Kolejną zagadką, pozostawała dla mnie relacja Markusa z Claudią. Był strasznie tajemniczy w tym temacie. Nie mogłam się wiele od niego dowiedzieć, a swoją wiedzę opierałam na niczym, niepotwierdzonych domysłach. Bałam się, że obydwoje zdążyli na poważnie zaangażować się w ten związek. Być może, pojawiły się między nimi, także głębsze uczucia. Jeśli tak się stało, będę musiała się z tym pogodzić i nie stawać na drodze ich szczęściu. Ze świadomością, że nie wykorzystałam swoich szans w przeszłości. Markus miał prawo ułożyć sobie życie, tak jak będzie tego chciał. W tym aspekcie, już nic nie zależało ode mnie. Jeśli wybierze Claudię, będę musiała to zaakceptować, czy mi się to podobało, czy nie. Nie odważyłabym się, rozbić ich związku.

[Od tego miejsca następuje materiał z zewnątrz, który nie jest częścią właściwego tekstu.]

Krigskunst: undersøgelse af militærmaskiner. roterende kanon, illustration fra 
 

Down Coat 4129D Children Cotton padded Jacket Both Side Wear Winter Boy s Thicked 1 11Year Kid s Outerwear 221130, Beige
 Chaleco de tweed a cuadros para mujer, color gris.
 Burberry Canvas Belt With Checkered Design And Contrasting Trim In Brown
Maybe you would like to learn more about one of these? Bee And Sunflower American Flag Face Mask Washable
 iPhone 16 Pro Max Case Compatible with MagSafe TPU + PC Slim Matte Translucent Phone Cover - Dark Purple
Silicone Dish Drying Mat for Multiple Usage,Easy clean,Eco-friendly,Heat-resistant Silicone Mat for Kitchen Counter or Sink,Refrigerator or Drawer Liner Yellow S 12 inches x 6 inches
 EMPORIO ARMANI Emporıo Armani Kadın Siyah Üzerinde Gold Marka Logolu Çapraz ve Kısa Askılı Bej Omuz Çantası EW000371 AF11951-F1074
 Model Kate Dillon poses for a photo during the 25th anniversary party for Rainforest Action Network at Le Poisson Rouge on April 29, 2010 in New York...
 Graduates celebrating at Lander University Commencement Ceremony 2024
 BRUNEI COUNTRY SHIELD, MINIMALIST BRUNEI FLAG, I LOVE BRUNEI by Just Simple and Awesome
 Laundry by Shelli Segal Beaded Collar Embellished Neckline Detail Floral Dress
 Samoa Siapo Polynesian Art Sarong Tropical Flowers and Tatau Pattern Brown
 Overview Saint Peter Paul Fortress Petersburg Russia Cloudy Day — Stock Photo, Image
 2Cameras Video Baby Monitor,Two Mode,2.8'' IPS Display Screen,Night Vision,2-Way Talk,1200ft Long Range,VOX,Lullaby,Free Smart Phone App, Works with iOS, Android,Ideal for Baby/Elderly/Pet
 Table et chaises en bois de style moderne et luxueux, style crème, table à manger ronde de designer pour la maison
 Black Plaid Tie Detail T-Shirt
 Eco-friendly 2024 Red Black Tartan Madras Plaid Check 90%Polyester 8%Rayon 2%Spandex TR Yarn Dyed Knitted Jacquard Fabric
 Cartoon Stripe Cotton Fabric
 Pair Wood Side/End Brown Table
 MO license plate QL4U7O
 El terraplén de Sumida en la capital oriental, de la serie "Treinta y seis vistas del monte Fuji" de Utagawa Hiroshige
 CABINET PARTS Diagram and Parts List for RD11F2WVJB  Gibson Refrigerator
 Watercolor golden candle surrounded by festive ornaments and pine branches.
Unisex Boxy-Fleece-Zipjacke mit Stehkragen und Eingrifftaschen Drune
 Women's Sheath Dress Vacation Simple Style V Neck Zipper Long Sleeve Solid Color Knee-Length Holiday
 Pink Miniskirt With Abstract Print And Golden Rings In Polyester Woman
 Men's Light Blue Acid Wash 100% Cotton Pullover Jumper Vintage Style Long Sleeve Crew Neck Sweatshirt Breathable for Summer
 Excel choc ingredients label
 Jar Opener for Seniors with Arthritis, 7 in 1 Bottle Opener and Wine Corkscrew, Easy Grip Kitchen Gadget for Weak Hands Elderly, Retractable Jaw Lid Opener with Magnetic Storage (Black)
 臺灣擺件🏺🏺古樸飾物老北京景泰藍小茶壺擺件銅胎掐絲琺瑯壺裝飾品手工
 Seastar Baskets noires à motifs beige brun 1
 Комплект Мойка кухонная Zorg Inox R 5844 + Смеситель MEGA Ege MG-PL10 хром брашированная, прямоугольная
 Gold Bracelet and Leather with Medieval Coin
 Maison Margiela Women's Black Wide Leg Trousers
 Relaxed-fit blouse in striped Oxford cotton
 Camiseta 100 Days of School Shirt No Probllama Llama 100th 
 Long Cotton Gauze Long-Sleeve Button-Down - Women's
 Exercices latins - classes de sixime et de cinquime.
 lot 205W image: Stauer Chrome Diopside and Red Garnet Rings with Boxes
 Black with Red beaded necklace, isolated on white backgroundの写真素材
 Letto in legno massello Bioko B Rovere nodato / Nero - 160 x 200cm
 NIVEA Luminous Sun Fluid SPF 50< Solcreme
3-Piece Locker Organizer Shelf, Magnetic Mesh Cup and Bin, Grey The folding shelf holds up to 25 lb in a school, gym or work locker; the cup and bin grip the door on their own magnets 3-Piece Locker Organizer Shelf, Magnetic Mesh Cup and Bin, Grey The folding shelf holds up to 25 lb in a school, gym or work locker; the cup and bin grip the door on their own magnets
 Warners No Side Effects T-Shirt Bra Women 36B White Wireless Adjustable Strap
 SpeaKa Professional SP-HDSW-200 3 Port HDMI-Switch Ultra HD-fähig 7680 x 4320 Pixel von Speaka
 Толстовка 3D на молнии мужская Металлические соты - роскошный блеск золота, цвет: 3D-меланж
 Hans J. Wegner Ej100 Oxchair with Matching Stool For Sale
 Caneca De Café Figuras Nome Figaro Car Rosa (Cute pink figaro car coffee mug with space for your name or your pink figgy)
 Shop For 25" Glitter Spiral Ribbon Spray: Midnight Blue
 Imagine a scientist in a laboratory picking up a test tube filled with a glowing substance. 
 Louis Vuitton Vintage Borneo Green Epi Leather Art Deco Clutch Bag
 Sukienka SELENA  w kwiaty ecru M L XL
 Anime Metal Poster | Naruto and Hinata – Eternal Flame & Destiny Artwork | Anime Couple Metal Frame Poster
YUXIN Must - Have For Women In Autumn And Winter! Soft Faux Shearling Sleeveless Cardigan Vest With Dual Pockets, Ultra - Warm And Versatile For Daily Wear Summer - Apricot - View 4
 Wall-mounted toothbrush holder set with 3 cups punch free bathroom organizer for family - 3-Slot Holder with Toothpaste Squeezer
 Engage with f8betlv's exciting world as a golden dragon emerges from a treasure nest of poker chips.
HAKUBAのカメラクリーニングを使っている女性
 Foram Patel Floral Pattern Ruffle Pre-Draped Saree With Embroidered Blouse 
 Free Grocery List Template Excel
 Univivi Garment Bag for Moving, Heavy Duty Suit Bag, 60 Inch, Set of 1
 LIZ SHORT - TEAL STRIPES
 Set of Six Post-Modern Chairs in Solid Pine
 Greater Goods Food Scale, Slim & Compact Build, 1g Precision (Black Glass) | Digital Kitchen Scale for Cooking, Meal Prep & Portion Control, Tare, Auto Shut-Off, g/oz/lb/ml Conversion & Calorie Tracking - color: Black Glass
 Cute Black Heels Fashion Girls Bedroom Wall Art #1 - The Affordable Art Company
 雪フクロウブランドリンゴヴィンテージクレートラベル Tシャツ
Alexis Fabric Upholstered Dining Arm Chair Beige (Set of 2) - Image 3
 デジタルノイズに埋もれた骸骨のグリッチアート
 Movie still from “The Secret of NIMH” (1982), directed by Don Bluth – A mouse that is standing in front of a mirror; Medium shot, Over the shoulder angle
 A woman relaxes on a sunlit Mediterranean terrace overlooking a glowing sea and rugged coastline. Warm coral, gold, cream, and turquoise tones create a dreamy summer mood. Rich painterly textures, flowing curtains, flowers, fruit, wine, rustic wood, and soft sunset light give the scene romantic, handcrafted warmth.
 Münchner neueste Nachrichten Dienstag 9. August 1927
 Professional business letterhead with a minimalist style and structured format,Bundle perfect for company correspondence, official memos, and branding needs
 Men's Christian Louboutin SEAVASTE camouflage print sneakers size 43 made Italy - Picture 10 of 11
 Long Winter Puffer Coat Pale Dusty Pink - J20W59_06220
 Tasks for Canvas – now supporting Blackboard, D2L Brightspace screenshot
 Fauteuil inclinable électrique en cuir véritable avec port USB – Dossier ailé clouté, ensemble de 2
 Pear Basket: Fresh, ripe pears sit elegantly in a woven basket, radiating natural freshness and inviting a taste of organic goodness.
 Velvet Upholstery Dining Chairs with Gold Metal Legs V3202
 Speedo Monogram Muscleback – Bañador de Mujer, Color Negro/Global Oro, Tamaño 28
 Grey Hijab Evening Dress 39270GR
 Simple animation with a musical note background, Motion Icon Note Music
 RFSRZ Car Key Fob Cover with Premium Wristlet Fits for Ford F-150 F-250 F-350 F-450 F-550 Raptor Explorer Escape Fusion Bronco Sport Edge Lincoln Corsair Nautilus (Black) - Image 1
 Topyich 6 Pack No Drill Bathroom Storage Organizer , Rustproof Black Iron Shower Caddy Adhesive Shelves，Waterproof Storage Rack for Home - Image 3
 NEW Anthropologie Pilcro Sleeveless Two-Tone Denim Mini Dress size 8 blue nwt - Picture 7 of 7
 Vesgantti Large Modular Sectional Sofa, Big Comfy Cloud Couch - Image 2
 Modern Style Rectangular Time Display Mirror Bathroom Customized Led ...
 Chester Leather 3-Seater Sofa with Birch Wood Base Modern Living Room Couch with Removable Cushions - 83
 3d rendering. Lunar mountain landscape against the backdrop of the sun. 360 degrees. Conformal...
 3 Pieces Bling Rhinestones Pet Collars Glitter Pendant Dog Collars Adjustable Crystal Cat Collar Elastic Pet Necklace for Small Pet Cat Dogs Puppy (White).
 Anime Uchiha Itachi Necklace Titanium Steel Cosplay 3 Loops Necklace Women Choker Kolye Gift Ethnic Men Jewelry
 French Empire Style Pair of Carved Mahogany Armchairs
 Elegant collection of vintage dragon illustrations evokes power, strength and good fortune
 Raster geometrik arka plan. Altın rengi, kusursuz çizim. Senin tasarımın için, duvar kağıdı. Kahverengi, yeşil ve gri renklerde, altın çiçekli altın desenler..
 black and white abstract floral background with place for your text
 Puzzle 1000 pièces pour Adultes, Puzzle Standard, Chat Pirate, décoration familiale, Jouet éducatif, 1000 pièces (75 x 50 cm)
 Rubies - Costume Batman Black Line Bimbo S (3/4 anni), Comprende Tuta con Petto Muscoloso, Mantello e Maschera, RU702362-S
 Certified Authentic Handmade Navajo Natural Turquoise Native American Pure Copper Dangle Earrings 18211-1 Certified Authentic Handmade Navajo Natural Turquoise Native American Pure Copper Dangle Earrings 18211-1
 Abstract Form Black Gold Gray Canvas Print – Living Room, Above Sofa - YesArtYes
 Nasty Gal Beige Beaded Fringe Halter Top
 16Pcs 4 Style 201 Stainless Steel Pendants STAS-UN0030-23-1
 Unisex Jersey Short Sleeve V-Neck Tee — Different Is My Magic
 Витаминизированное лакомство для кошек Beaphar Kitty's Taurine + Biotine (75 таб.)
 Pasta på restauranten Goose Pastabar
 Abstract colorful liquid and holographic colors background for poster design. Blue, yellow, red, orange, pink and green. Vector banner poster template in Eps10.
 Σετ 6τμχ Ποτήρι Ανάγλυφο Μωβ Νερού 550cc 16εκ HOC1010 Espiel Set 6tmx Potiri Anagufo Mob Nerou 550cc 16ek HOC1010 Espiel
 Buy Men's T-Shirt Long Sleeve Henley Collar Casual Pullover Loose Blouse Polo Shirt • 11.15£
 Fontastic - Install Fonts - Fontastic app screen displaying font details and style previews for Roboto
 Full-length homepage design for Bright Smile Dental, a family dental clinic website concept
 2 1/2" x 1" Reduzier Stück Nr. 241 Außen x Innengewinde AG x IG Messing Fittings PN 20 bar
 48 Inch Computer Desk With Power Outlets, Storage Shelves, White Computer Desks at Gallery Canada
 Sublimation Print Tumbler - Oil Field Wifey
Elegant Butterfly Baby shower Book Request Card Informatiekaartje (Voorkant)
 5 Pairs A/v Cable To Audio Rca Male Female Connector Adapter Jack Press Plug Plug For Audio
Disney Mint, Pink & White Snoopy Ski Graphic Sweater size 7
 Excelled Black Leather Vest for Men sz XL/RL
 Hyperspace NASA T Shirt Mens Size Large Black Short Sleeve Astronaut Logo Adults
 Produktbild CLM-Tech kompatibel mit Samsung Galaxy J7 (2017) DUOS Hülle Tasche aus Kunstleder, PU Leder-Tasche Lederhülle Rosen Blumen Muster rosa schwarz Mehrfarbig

Wstaję w końcu z łóżka z zamiarem odnalezienia Markusa. Wychodzę na korytarz, swoje kroki, niemal od razu kierując do kuchni, z której wydobywa się aromatyczny zapach, świeżo zaparzonej kawy.
Staję przez chwilę w przejściu, z niezwykłą uwagą go obserwując. Uświadamiając sobie, jak bardzo za nim tęskniłam. Do tej pory skrywałam, swoją tęsknotę pod ogromem pozorów i okropnym zachowaniem.





- Już wstałaś? Myślałem, że pośpisz trochę dłużej. Jest jeszcze wcześnie - odwraca się moim kierunku, wyraźnie zaskoczony z mojej obecności w tym miejscu.
- Tyle snu mi wystarczy, jestem w pełni wyspana - odpowiadam z delikatnym uśmiechem, siadając przy stole. Sekundę później w moich dłoniach, pojawia się kubek kawy. Upijam z niej mały łyk. Delektując się jej smakiem. Była dokładnie taka, jaką uwielbiam. Nieprzesadnie mocna z jedną łyżeczką cukru.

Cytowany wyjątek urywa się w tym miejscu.